22 December 2010
A couple of months I was approached by the publisher of this book, Oxford University Press, to ask if I would like a review copy and was intrigued. The premise of the book is remarkable – that it is possible to write an engaging popular science book based around the geology of a single pebble. And not an obviously fascinating pebble either – this is a piece of apparently dull, grey Silurian slate from Wales. This is the sort of piece of rock that most geologists would ignore on a stony beach – and indeed the publisher also appears to have had misgivings about the subject as the cover (pictured to the right) shows a pebble that is most certainly not Silurian slate. A slate pebble looks like the one pictured below. Ironically, this can also be a beautiful piece of rock, so I cannot understand why the publisher has used such a misleading (to the geologist at least) image.

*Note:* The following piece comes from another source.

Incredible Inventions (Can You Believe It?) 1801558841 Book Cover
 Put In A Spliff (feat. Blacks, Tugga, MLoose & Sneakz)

So I started wondering how such a book came about. Was it a drunken conversation late one night on a field trip in deepest Wales (i.e. I imagine a cottage in the hills outside Lampeter, with a coal fire burning), in which the author and another geologist got into a bragging contest in which they tried to out-compete each other for who could write a successful popular geology book on the most obscure topic? Probably not, but if so, the author Jan Zalasiewicz, certainly set himself a tough task!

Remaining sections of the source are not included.